Its only emission is water vapor. It can travel 502 km (312 mi) on a single tank of compressed hydrogen. When it’s empty, it can be refueled in just five minutes. For early adopters, it even comes with $15,000 worth of free fill-ups. The Toyota Mirai—the world’s first mass-produced hydrogen car—sounds like an easy sell.
So, why hasn’t it conquered the globe yet?
At the close of 2015, there were only a dozen hydrogen fuel stations open in all of California—a fraction of the 100 the state pledged to build by 2017. Hydrogen highway projects in Western Europe and Scandinavia saw similar slowdowns. What’s more, only a few dozen drivers in America were driving fuel cell cars.
Hydrogen may be the universe’s most abundant element, but it doesn’t seem to be the world’s most abundant powertrain. At least not yet. Before Toyota’s vision of a “100-year Hydrogen Society” can begin, fuel cell proponents clearly have a lot of work to do. But what does that work actually look like?
We wanted to find out, so I tracked down Toyota senior engineer Jackie Birdsall at the New York Times’ Women in the World conference on April 8. Birdsall was there to give a special presentation on the company’s Mothers of Invention program, but she could have easily been a recipient herself. The 32-year-old is helping lead the charge to prep North America for fuel cells.
Luke: So, what are the biggest hurdles for the fuel cell industry at this very moment?
Jackie: Building the fueling infrastructure is by far the biggest hurdle. The fuel cell technology is there, and the infrastructure to produce and transport hydrogen is there—our challenge is building dispensers to get the hydrogen into the car.
Luke: With that in mind, what needs to be accomplished in 2016—and 2017—to move past those hurdles?
Jackie: Luckily, through collaboration among other automakers, station builders, academia, and government the fueling infrastructure is gaining momentum in California. We have partnered with Air Liquide to build the infrastructure in the Northeast states later this year, and hope to continue to add more dispensers as we succeed.

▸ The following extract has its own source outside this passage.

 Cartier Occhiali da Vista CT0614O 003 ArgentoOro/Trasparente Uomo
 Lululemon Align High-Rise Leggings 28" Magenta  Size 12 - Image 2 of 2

Luke: And what do you think it will take to foster long term fuel cell adoption on a broader scale?
Jackie: Launching the vehicle is what drove the infrastructure providers to say, “this is real.” As other automakers start to roll out, they’re going to add additional pressure. In this space of alternative energy and electrification, it’s more collaboration than a competition, because we benefit each other. There’s a larger mission we need to keep our eyes on.

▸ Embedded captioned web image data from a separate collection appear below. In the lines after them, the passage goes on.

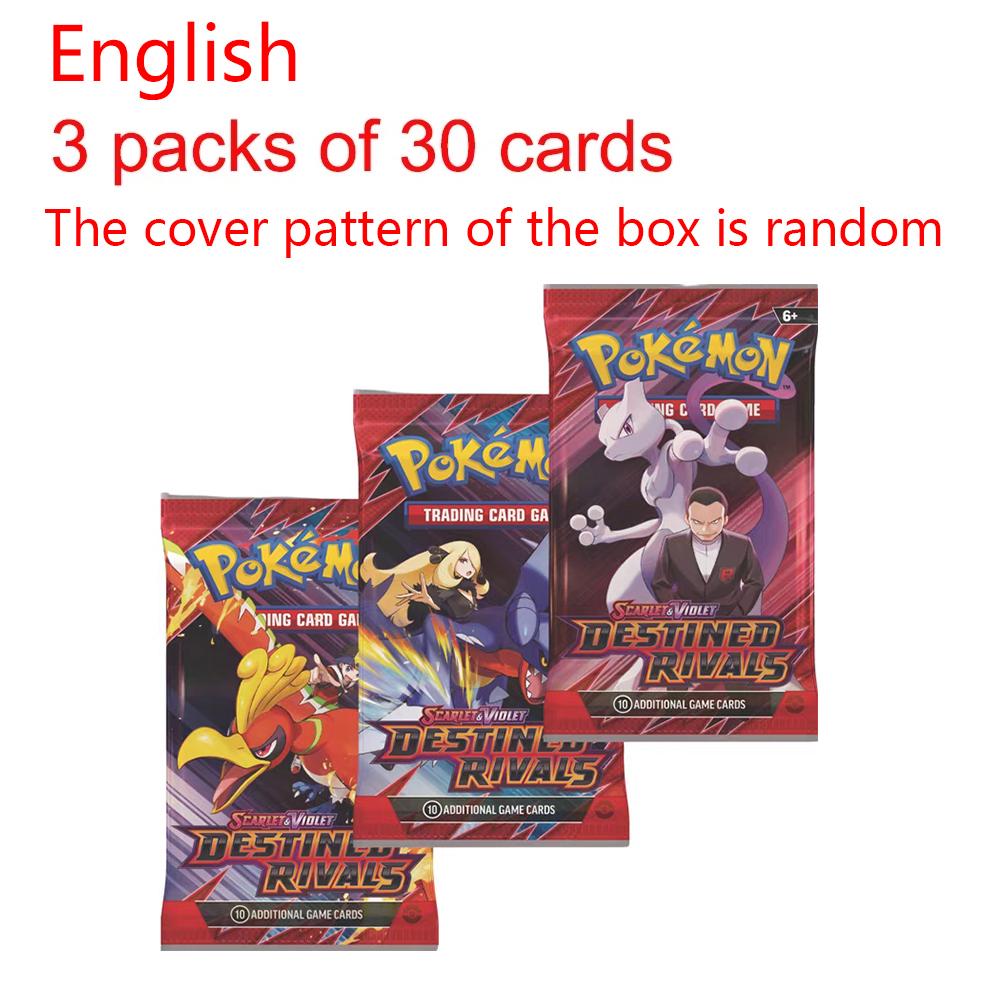 Ungiftig Neu 360 Pokémon Karmesinrot Violett Schwarzer Drache Weißer Drache Karte Pokémon Booster Schwert Schild Serie Haustier Elf Flash-Karte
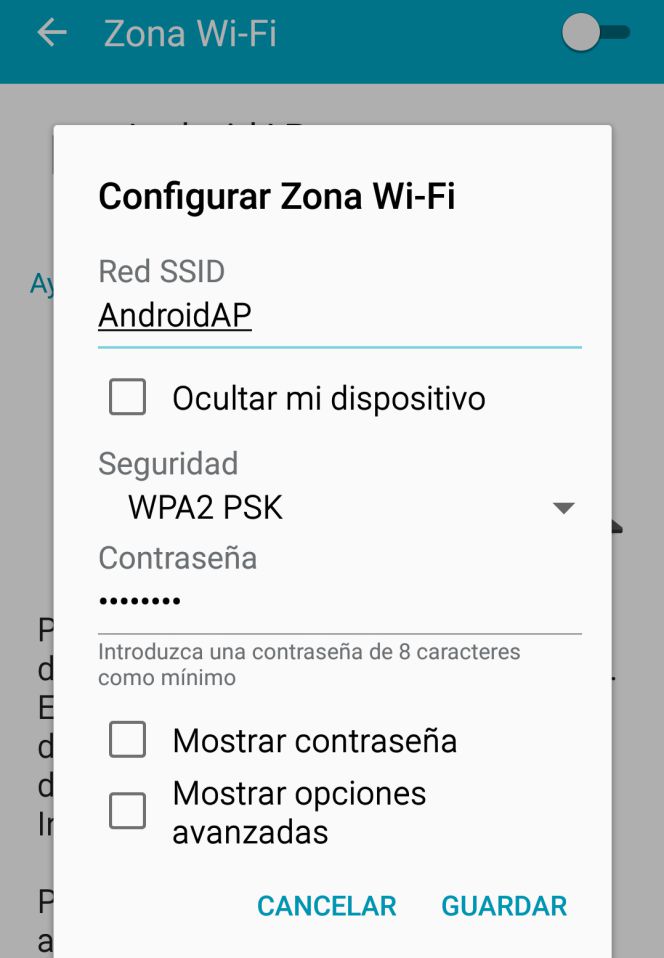 Cómo compartir la conexión a Internet con un teléfono con Android Lollipop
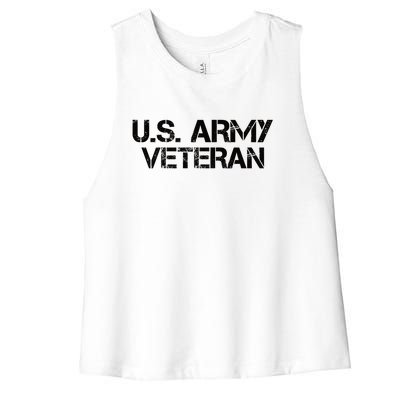 U.S. Army Veteran Army Veterans Gifts Women's Racerback Cropped Tank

Luke: For you personally, to date, what has been the most rewarding aspect of working with fuel cell vehicles?
Jackie: Well, our launch date was on October 21, 2015—Back to the Future Day—and being a part of that was pretty surreal. At that point I had been working on it for just over 12 years. Engineers that I was there with had been working on it for 20 years, so these are people who had dedicated their entire career to this car. Seeing that come to life was pretty momentous.

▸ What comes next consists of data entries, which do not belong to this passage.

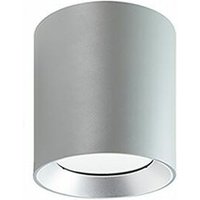 Moderne Aluminium-Deckenleuchte mit transparentem Glasdiffusor, 40W, 4240 Lumen, warmweißes Licht von IPERBRIKO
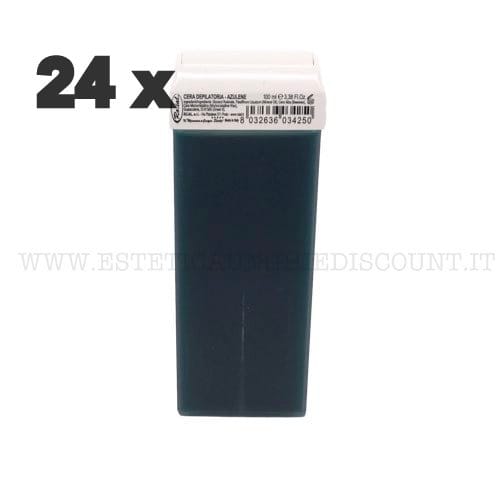 Scatola 24 Cera Liposolubile Ro.ial Rullo Cartuccia da 100 ml all’Azulene - immagine 2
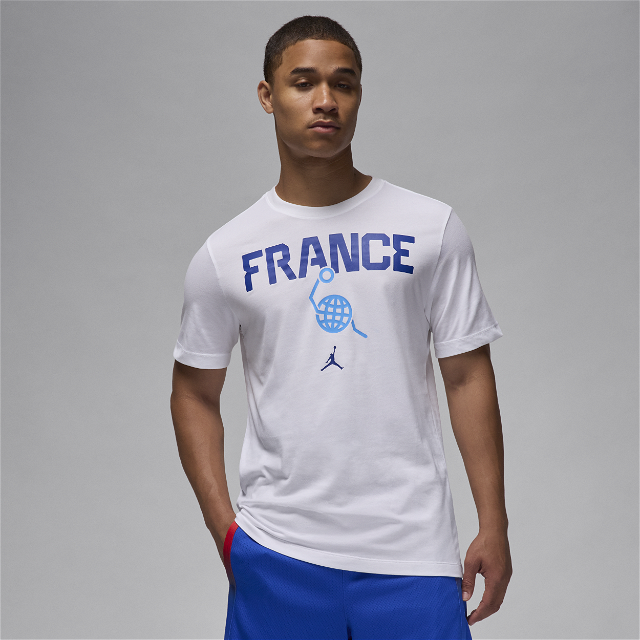 Póló Nike France Basketball Tee Fehér | FQ3663-100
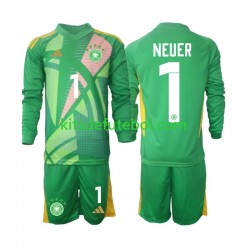 Camisola de Guarda-redes Seleção da Alemã Manuel Neuer 1 Criança Terceiro equipamento 2024-2025 Mangas Compridas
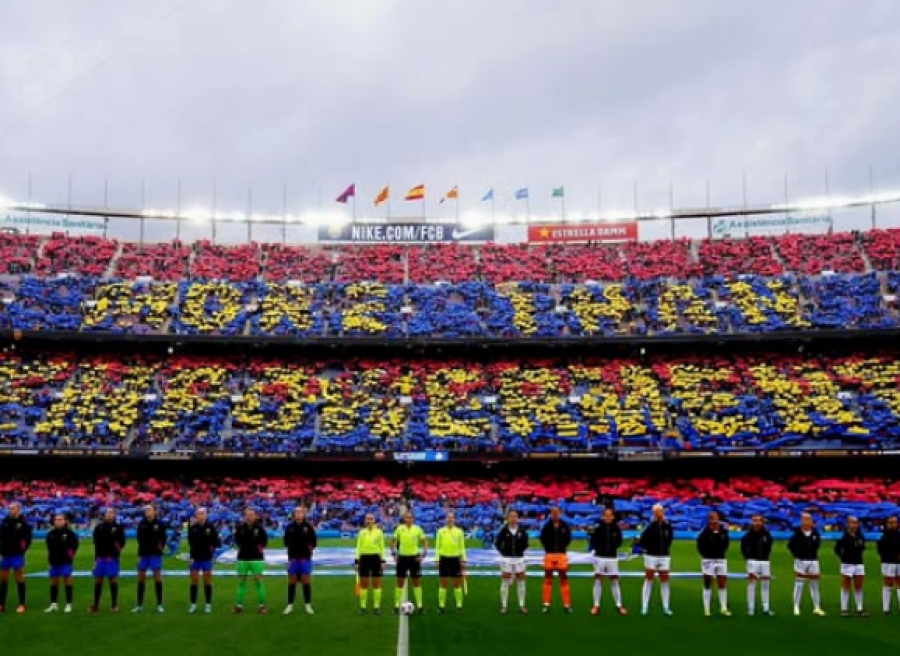 Interes i jashtëzakonshëm/ ‘Spotify Camp Nou’ shet të gjitha biletat për ‘El Clasico’-n e femrave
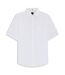 Mens Linen Short-sleeved Shirt White Boss-1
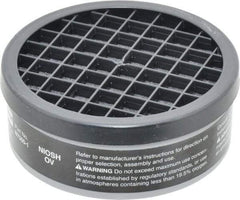 North - Black Cartridge - Series 7700, Protects Against Organic Vapor - Americas Industrial Supply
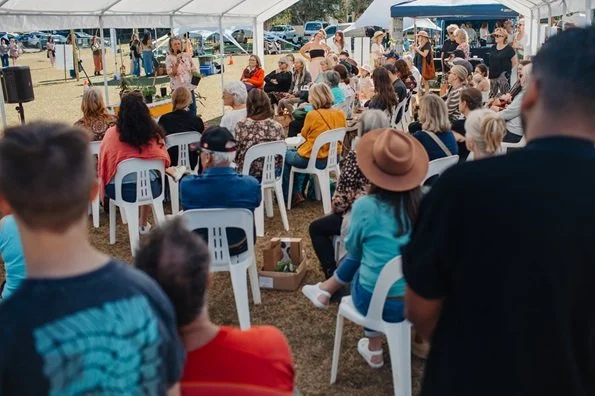 HerbFest - speaker talking about native herbs in demonstration tent2.jpg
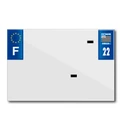 BANDE PLAQUE MOTO 210x145 POUR PVC AVEC RAISON SOCIALE DEP. 22/EURO (VENDU A L'UNITE)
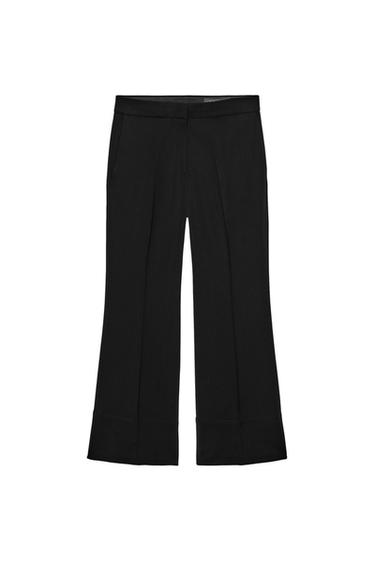 PANTALÓN CROPPED FLARE ZW COLLECTION LIMITED EDITION - Negro de Zara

Luke: And can you clarify why you believe hydrogen is the ‘energy source of the future’?
Jackie: Hydrogen is non-toxic, odorless, lighter than air, and the most abundant element in the universe. It can be made from pretty much anything, which makes it both domestic and renewable. Imagine if our transportation system ran off a domestic fuel that does no harm to the environment. That should be our future.
Of course, it isn’t just fuel dispensing infrastructure that’s holding hydrogen back. As 2015 drew to a close, there were still many looming questions.
Where does the electricity that generates the hydrogen come from? Should it be renewable? Can it be renewable? What about weather durability? Can fuel cell cars perform in a Mojave Desert summer? How about a North Dakota winter? What’s their lifespan in general?
Wary consumers didn’t just want answers; they wanted proof. After all, early adoption is always a risk. With hydrogen fuel cell vehicles, it’s a $60,000 risk. It explains why automakers have been so bullish—and collaborative—in the opening months of 2016. Here’s how the year is shaping up.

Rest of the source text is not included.